During a seminar ahead of the ICIS World Base Oils & Lubricants Conference, the consultant pointed out that Iran has the largest population in the Middle East with around 80 million people, more than 60 percent of whom are 30 years of age or younger and over 70 percent of whom live in urban areas. Its economy is diversified compared to other oil-rich countries in the region, with major potential for tourism around its 21 UNESCO World Heritage Sites.

Further, Iran holds great promise as a global trade hub, Agashe stated. Nearly 20 percent of oil trade makes its way through the Strait of Hormuz off the countrys southern coast – the only sea route out of the Persian Gulf. Iran is also strategically placed along the International North-South Transport Corridor connecting India, Russia, Iran, Europe and Central Asia by ship, rail and road. China has included Iran in its plan for a modern Silk Road, which could boost trade between the two. This creates enormous opportunities, she emphasized.

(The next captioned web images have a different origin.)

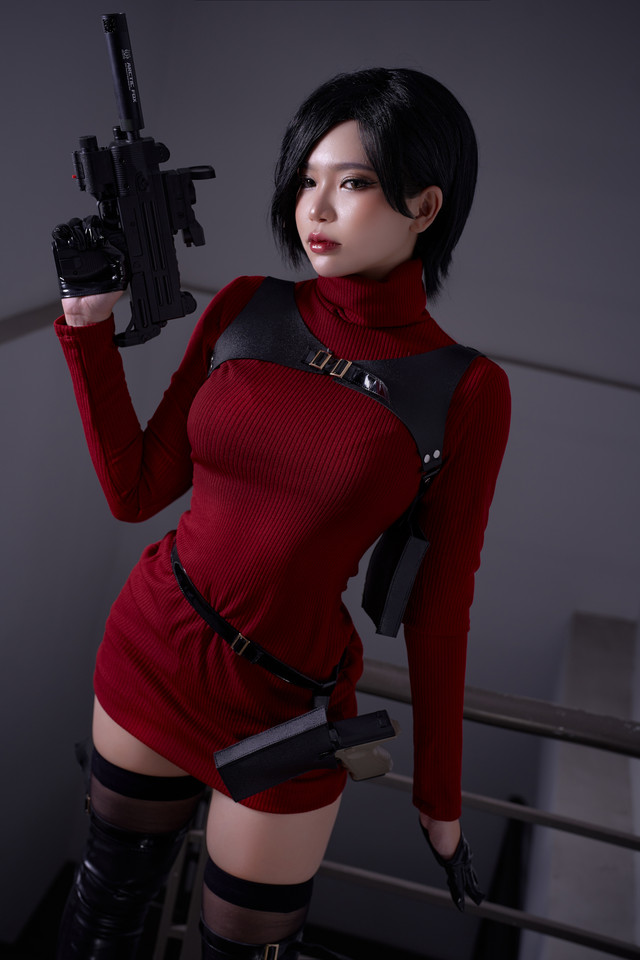 ZinieQ - Ada Wong RE4 Remake [39P]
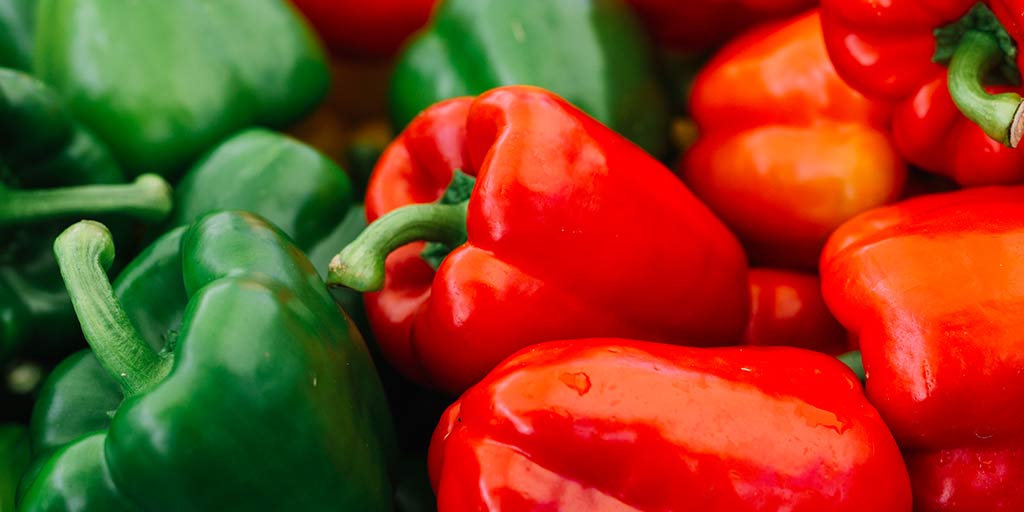 Amazing Health Benefits Of Capsicum In Hindiक्या आप जानती हैं शिमला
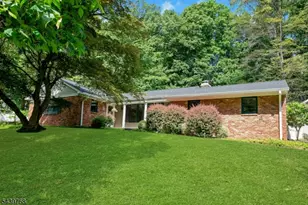 29 Dogwood Dr, Chester, NJ 07930 - Photo 3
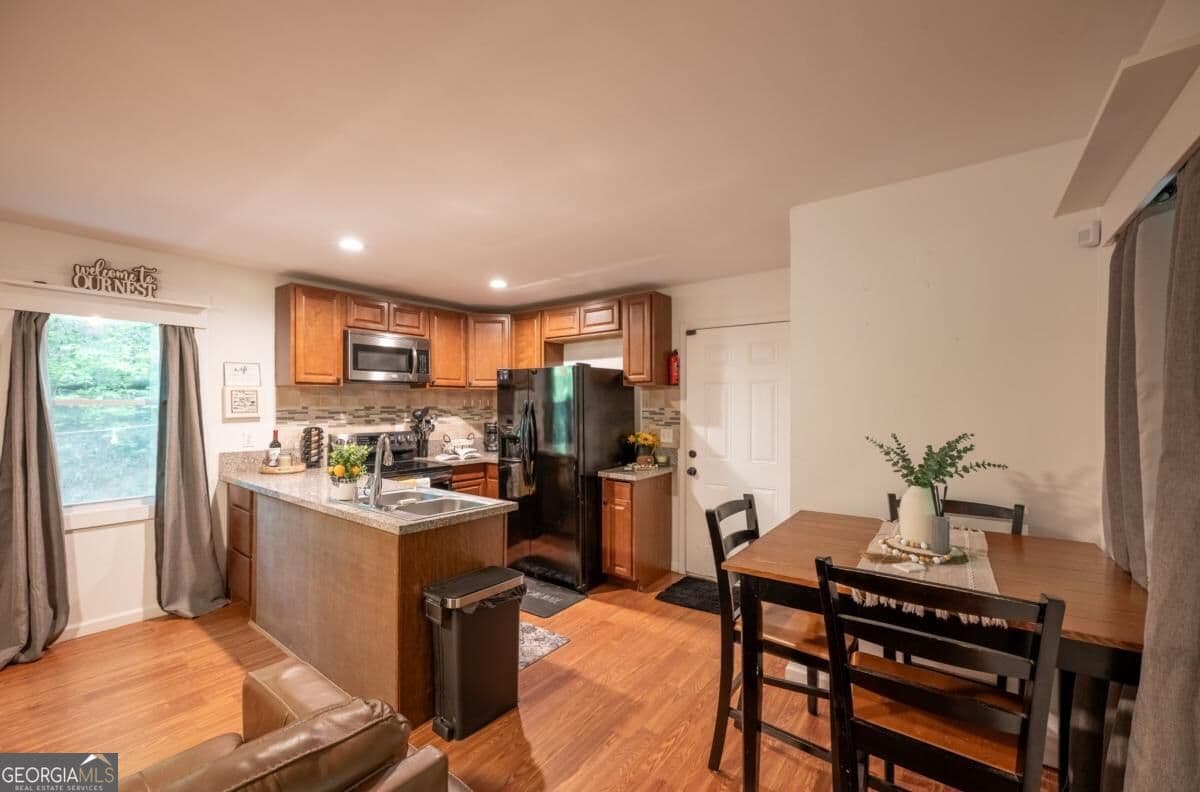2 bedroom, 1.5 bathroom, 768 sq ft single family residence for sale at 257 Pen Drive, Ellijay, GA 30540 — photo 3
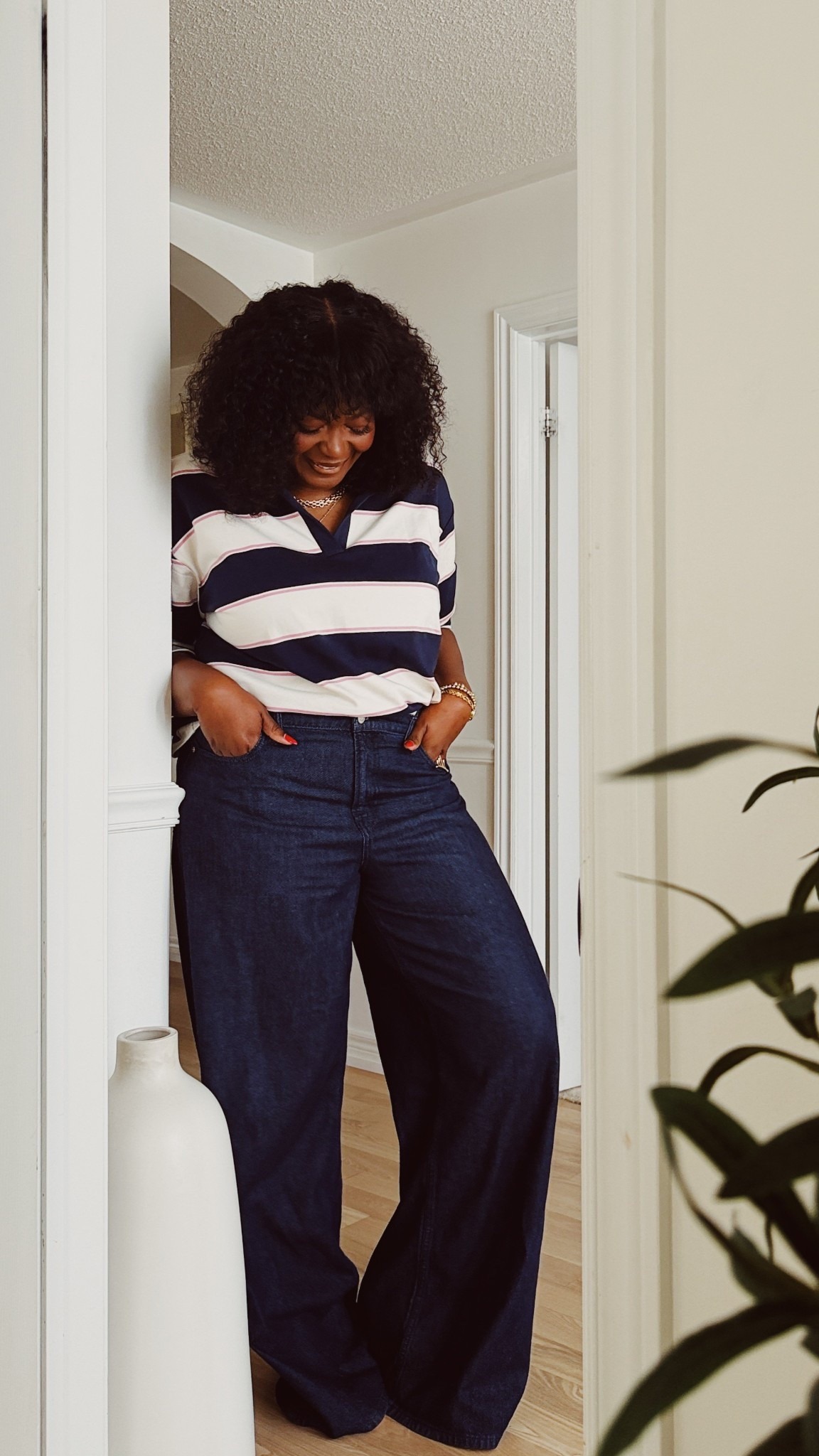 The perfect long wide leg jeans. 

#LTKgrwm #LTKHoliday #LTKmomlife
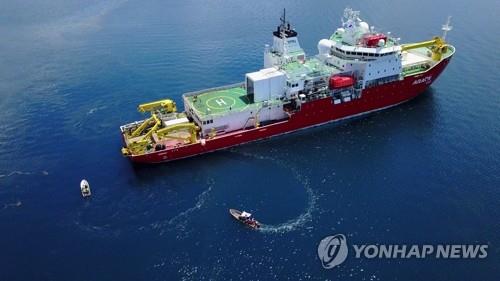 해외 고립 원양어선원 태운 아라온호 내일 광양항 입항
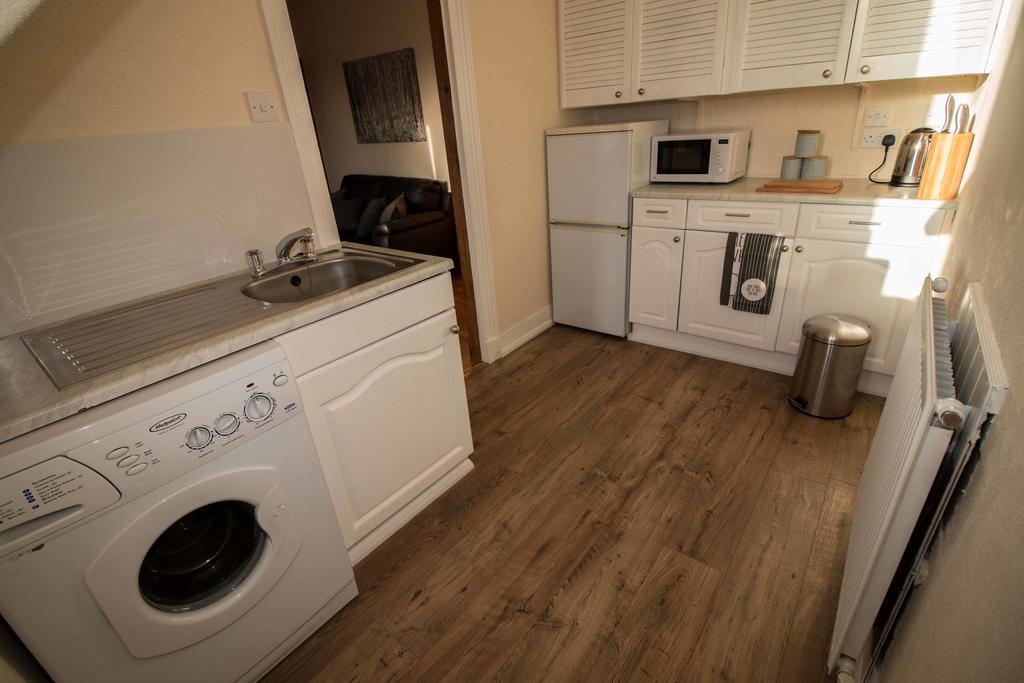 Bright & Airy Two Bed Set In Granite Aberdeen Exterior photo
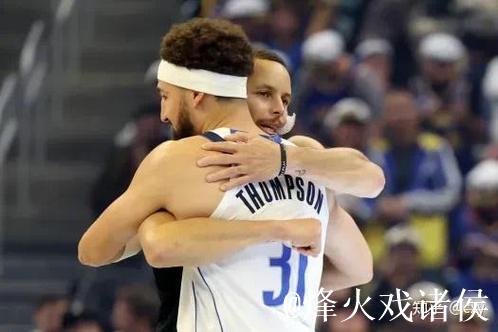 库里狂砍39分，汤普森战旧主贡献22分，勇士险胜独行侠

Citing conversations with multinational companies focused on Iran, Agashe outlined five challenges that foreign businesses must address in order to succeed in the country.

First, companies must strictly follow both their national and internal sanctions compliance policies. Agashe recommends hiring experienced compliance professionals and consulting with an external compliance lawyer. U.S.-based companies ought to be extra vigilant due to the heightened tensions between the two countries, she cautioned.

With inconsistent market data among different sources, players must invest in securing quality insight into the Iranian market, Agashe advised. She also recommended partnering with local distributors when taking the first step into the market. Distributors in Dubai and Istanbul can be good resources for connecting with Iranian businesses.

Companies must find banks that are willing to do business with Iran. Without access to the United States financial system, Iranian companies often spend weeks waiting for foreign currency to pay for goods from their nonnative partners. This problem is likely to persist, Agashe predicted, as Iran is unifying dual currency exchange rates while also seeking to protect local producers from volatility. For several years Iran has had an official exchange rate, to which access is limited, and a floating open market rate used by those who lack access.

Once marketers are operating in the country, she continued, they will likely find it necessary to reclaim brand equity from counterfeit products and develop strategies to combat the underground lubricants market.

Iran represents an important opportunity for multinational companies that operate in emerging markets, Agashe concluded. A smart approach will find the sweet spot – advancing ahead of competitors while sidestepping first-mover mistakes.